RECORDS PROVIDED:
------
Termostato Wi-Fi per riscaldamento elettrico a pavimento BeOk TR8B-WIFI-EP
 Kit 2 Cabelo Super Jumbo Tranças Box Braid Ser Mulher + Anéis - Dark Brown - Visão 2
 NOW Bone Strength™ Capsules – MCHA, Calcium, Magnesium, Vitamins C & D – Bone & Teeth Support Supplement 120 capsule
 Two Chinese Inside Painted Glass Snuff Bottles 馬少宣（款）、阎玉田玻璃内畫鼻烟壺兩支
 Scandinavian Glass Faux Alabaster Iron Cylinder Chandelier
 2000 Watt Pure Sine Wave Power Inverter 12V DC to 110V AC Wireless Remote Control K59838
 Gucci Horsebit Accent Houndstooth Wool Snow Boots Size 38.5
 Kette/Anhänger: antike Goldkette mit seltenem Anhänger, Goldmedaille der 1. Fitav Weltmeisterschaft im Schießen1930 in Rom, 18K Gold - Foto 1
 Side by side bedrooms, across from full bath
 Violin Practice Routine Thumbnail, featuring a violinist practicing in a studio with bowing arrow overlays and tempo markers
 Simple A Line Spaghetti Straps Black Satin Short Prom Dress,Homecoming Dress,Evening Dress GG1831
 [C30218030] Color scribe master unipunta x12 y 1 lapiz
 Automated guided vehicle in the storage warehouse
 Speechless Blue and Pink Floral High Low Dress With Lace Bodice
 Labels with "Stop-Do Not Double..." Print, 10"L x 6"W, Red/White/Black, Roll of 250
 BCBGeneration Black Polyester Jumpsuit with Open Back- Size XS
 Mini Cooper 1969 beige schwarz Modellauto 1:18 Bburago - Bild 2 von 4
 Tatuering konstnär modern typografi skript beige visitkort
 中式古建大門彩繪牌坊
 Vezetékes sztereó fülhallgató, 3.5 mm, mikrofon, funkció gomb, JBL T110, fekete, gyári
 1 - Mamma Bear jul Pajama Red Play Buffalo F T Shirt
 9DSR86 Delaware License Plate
------
WHAT NEEDS TO BE DONE: Every line from the one containing "Simple A Line" to the final line of the listing above should be set down exactly, with nothing added.

RESPONSE:
 Simple A Line Spaghetti Straps Black Satin Short Prom Dress,Homecoming Dress,Evening Dress GG1831
 [C30218030] Color scribe master unipunta x12 y 1 lapiz
 Automated guided vehicle in the storage warehouse
 Speechless Blue and Pink Floral High Low Dress With Lace Bodice
 Labels with "Stop-Do Not Double..." Print, 10"L x 6"W, Red/White/Black, Roll of 250
 BCBGeneration Black Polyester Jumpsuit with Open Back- Size XS
 Mini Cooper 1969 beige schwarz Modellauto 1:18 Bburago - Bild 2 von 4
 Tatuering konstnär modern typografi skript beige visitkort
 中式古建大門彩繪牌坊
 Vezetékes sztereó fülhallgató, 3.5 mm, mikrofon, funkció gomb, JBL T110, fekete, gyári
 1 - Mamma Bear jul Pajama Red Play Buffalo F T Shirt
 9DSR86 Delaware License Plate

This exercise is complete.